→ Task instructions:
Look below for the line with "Grand Ballroom". Extract that line and each one after it through the last, word for word.

%%

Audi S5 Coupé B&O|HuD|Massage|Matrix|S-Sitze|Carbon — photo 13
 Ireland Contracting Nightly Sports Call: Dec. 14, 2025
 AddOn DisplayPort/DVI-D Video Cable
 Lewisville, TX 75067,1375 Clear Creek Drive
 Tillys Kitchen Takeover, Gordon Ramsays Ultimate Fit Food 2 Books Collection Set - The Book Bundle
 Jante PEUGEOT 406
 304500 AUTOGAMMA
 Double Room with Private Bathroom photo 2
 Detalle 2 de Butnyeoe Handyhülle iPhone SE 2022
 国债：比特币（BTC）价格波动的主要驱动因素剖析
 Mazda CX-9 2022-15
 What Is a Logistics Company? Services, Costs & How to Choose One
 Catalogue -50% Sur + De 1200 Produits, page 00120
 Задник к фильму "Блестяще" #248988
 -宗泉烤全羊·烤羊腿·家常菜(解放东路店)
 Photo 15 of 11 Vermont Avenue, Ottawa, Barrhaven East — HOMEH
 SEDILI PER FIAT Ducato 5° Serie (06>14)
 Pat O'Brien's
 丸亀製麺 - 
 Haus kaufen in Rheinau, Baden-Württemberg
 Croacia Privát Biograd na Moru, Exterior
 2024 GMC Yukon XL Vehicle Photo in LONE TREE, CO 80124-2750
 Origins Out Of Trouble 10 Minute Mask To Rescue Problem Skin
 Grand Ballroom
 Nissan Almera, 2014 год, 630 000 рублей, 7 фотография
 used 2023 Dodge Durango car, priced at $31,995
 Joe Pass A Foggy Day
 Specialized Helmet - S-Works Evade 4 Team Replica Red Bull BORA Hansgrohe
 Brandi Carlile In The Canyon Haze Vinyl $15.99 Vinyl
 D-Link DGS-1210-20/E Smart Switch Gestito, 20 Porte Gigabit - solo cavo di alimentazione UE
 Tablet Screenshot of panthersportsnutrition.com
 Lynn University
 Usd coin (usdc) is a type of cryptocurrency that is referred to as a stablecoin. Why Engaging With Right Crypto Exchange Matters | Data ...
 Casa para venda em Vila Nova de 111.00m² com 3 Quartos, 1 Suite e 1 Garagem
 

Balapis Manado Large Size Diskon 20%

%%

→ Answer space:
 Grand Ballroom
 Nissan Almera, 2014 год, 630 000 рублей, 7 фотография
 used 2023 Dodge Durango car, priced at $31,995
 Joe Pass A Foggy Day
 Specialized Helmet - S-Works Evade 4 Team Replica Red Bull BORA Hansgrohe
 Brandi Carlile In The Canyon Haze Vinyl $15.99 Vinyl
 D-Link DGS-1210-20/E Smart Switch Gestito, 20 Porte Gigabit - solo cavo di alimentazione UE
 Tablet Screenshot of panthersportsnutrition.com
 Lynn University
 Usd coin (usdc) is a type of cryptocurrency that is referred to as a stablecoin. Why Engaging With Right Crypto Exchange Matters | Data ...
 Casa para venda em Vila Nova de 111.00m² com 3 Quartos, 1 Suite e 1 Garagem
 

Balapis Manado Large Size Diskon 20%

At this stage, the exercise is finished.